Des Moines Register. A report by Frontline BioEnergy in Ames, Iowa concludes that ethanol plants powered by coal release as much as 92% more carbon dioxide than those powered by natural gas.
The City Council of Des Moines, Iowa, is trying to decide between two competing proposals for a $200-million, 100 million gallon per year ethanol plant—one powered by coal, the other by natural gas—and is currently divided on which project to select. The report now goes into the decision mix.
Frontline’s analysis of a plant that would produce 50 million gallons of ethanol a year show a coal-powered facility would release as much as 207,000 tons of carbon dioxide a year while a natural gas-powered plant would emit 108,000 tons.
Des Moines’ proposed plants would produce at least 100 million gallons of ethanol a year. That means that the coal-powered plant would release as much as 414,000 tons of carbon dioxide a year, according to the report.

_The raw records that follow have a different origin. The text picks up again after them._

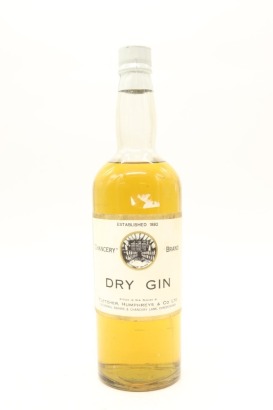 (1) Fletcher, Humphereys & Co. Chancery Brand Dry Gin, Christchurch, Circa. 1950's/60's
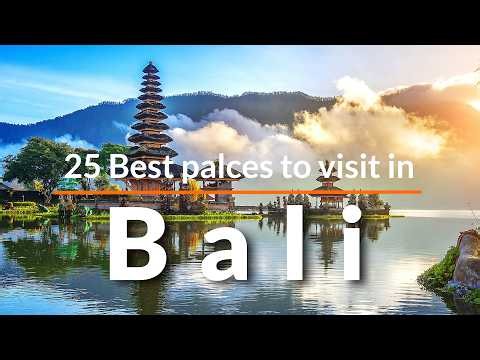 25 Best Places to Visit in Bali, Indonesia 🇮🇩 | Top Attractions & Travel Guide 2026 | SKY Travel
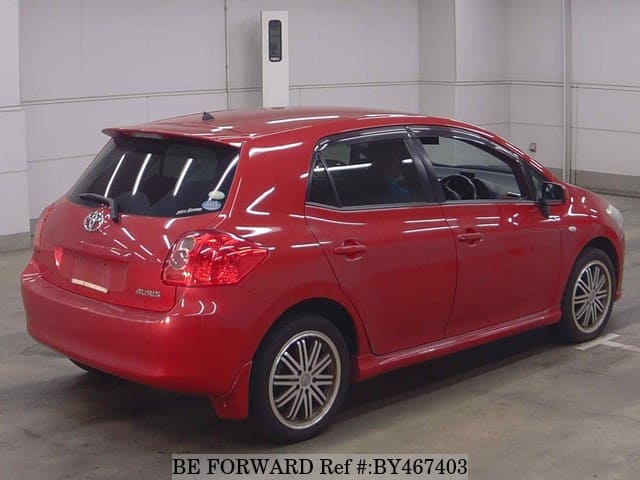 Auris ハープ本体 赤 スウェーデン製
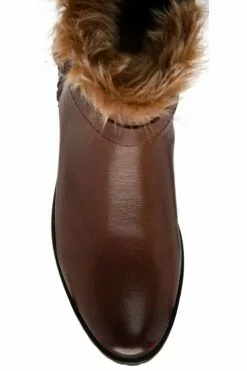 Ravel Mittelhohe Lederstiefel Mit Reißverschluss Und Blockabsatz -Winterschuhe Verkaufs-Shop K16603s4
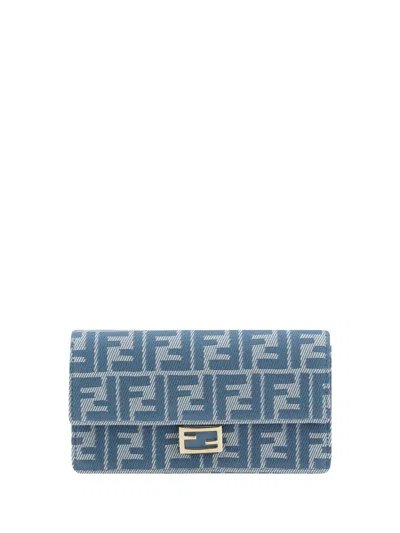 Fendi Women Ff Shoulder Bag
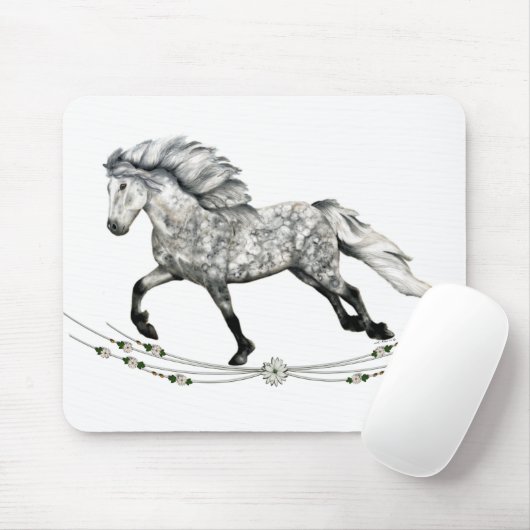 Grá Muismat (Met muis)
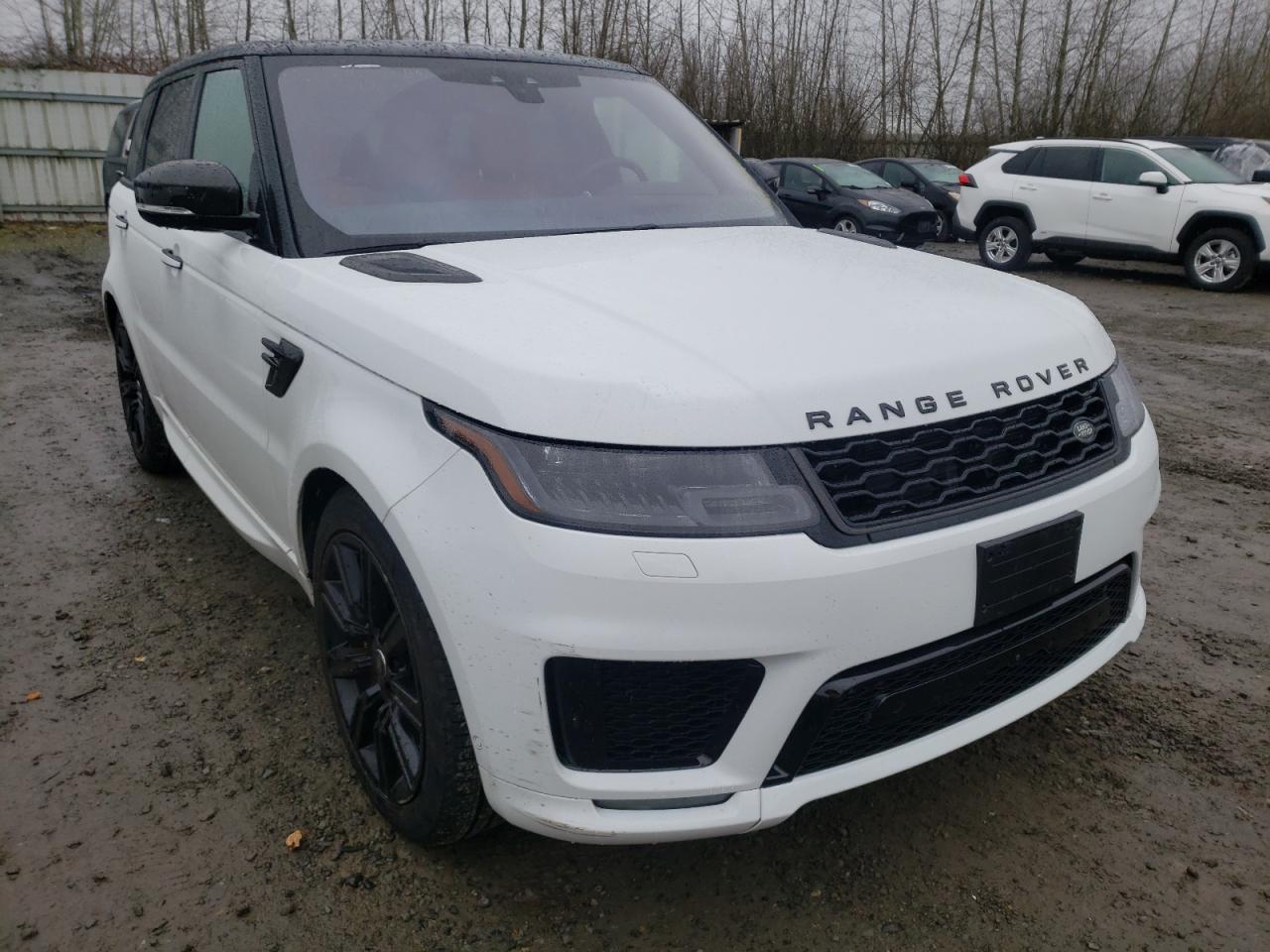 Photo 1 from auction – 2019 LAND ROVER RANGE ROVE with VIN SALWV2SV0KA839930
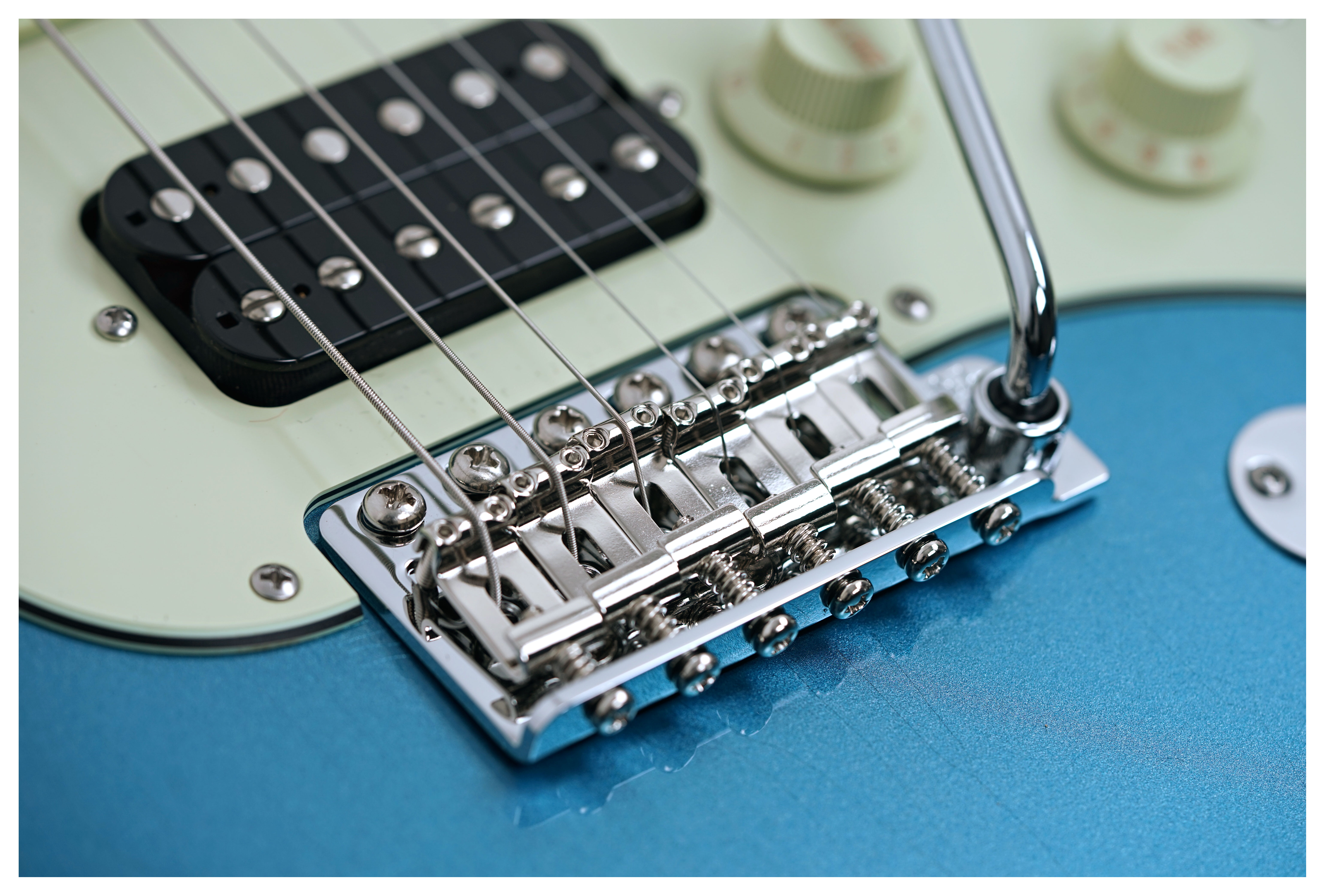 Suhr Classic S Vintage LE HSS Lake Placid Blue Rosewood Fingerboard #88558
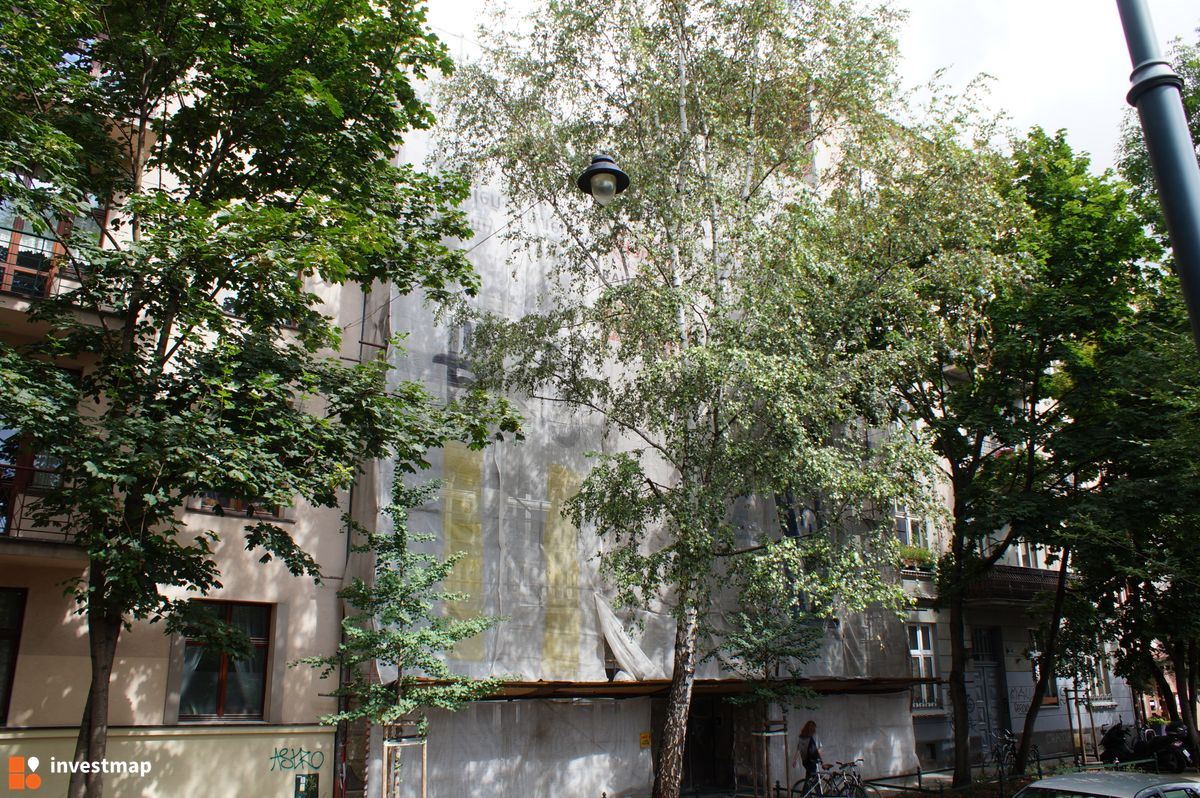 Zdjęcie [Kraków] Remont Kamienicy, ul. Paulińska 20 fot. Damian Daraż 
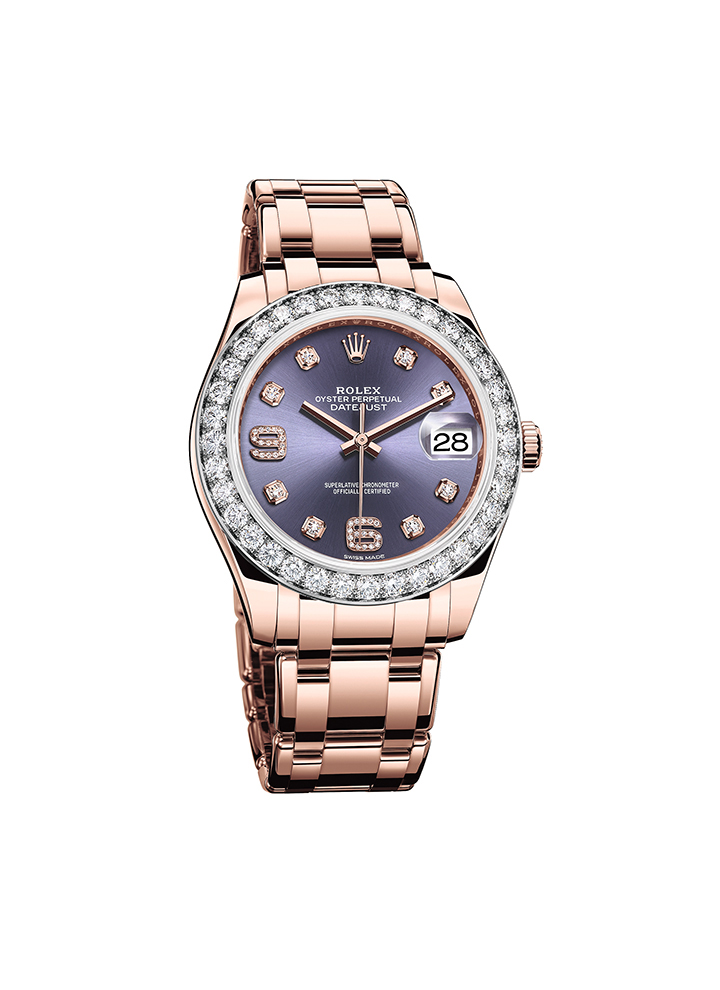 Oyster Perpetual Dayjust Pearlmaster 39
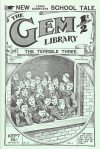 Cover For The Gem v1 12 - The Terrible Three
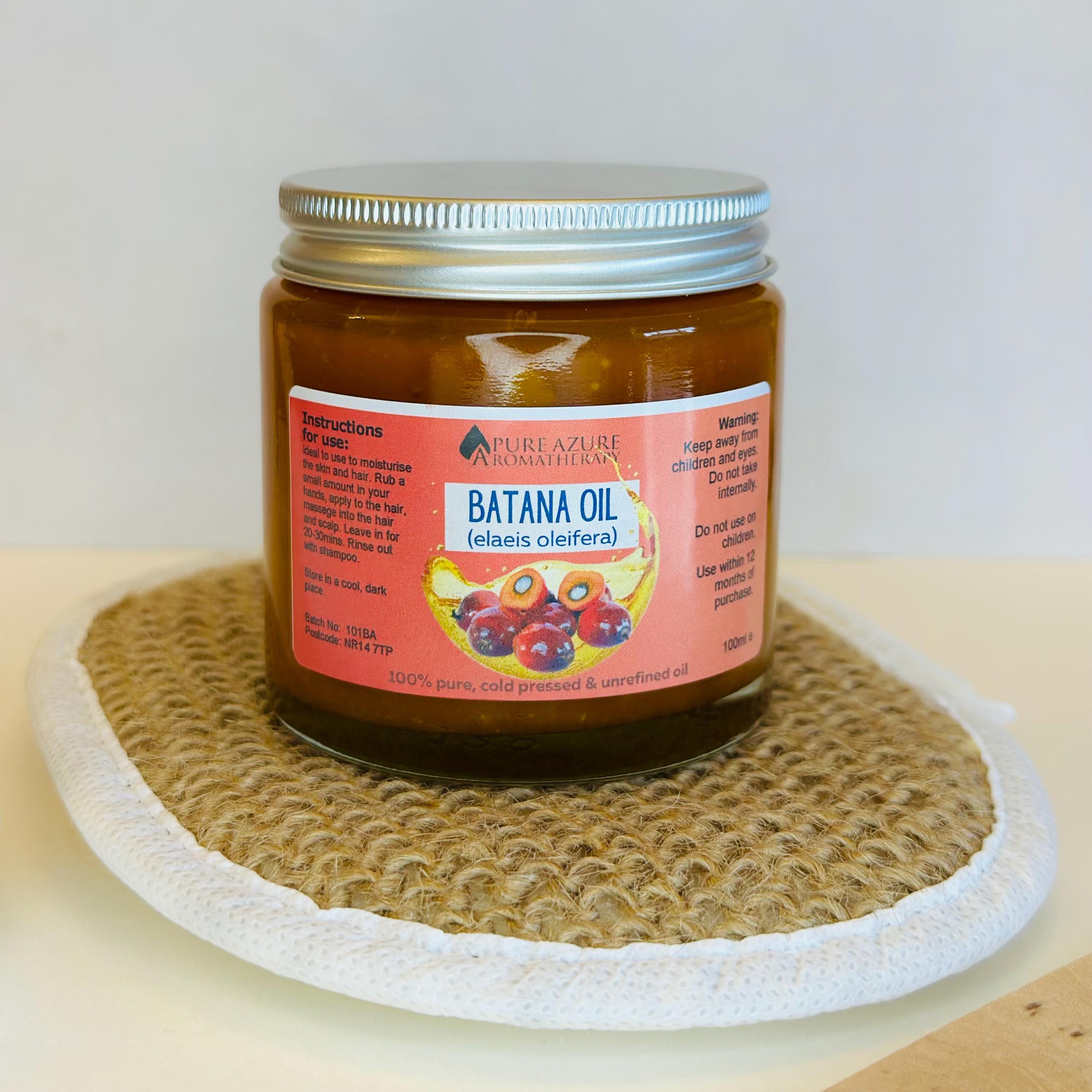 Batana oil jar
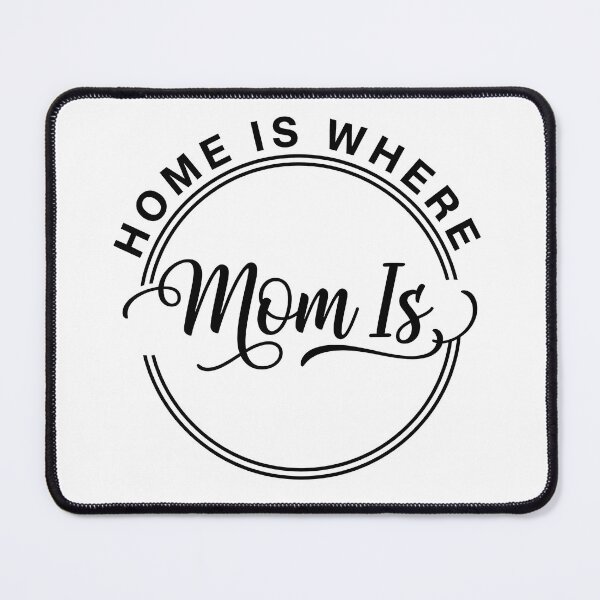 Item preview, Heart of the Household: Home Is Where Mom Is designed and sold by RoseVathRam.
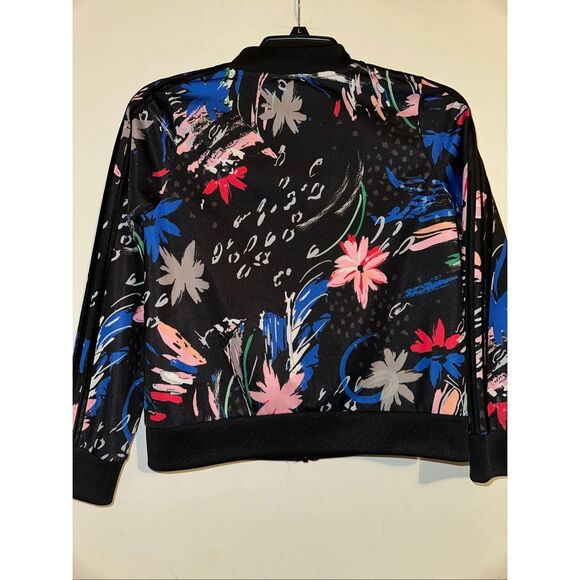 Adidas Originals Superstar Poisonous Garden Track Jacket youth Size Large US Med - Picture 2 of 5
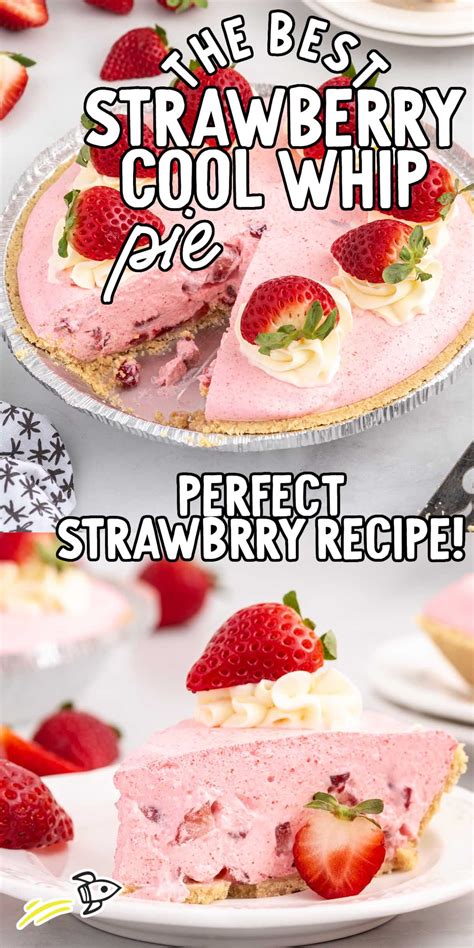 Strawberry Cool Whip Pie Spaceships And Laser Beams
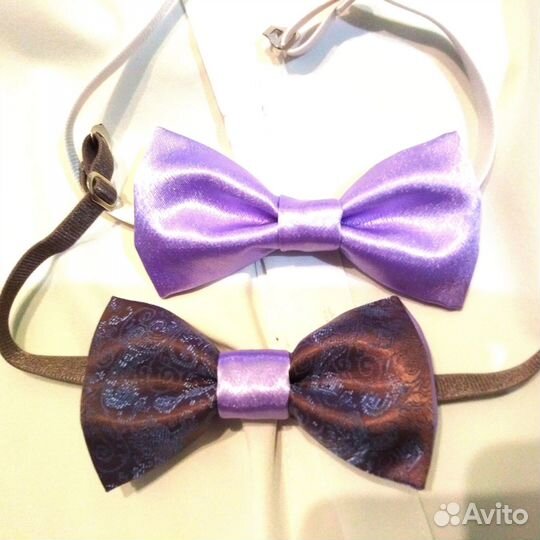 Банты - бабочка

Frontline BioEnergy is a biomass gasification company. The company is currently working with researchers from Iowa State University to optimize a gasification process for the production of producer gas from biomass to replace the use of natural gas in ethanol plants. (Earlier post.)
Some backers of the coal-powered plant believe Lincolnway’s plan holds the most potential of someday using renewable energy sources such as switchgrass to power the plant. Some supporters of using coal also believe the large amount of natural gas used by ethanol plants could drive heating costs up for thousands of Des Moines-area families.
“This is about the future,” [Mayor] Cownie said Friday, noting that the city will use an independent consultant to evaluate the proposals before the Dec. 4 vote. “We all want to do the right thing.”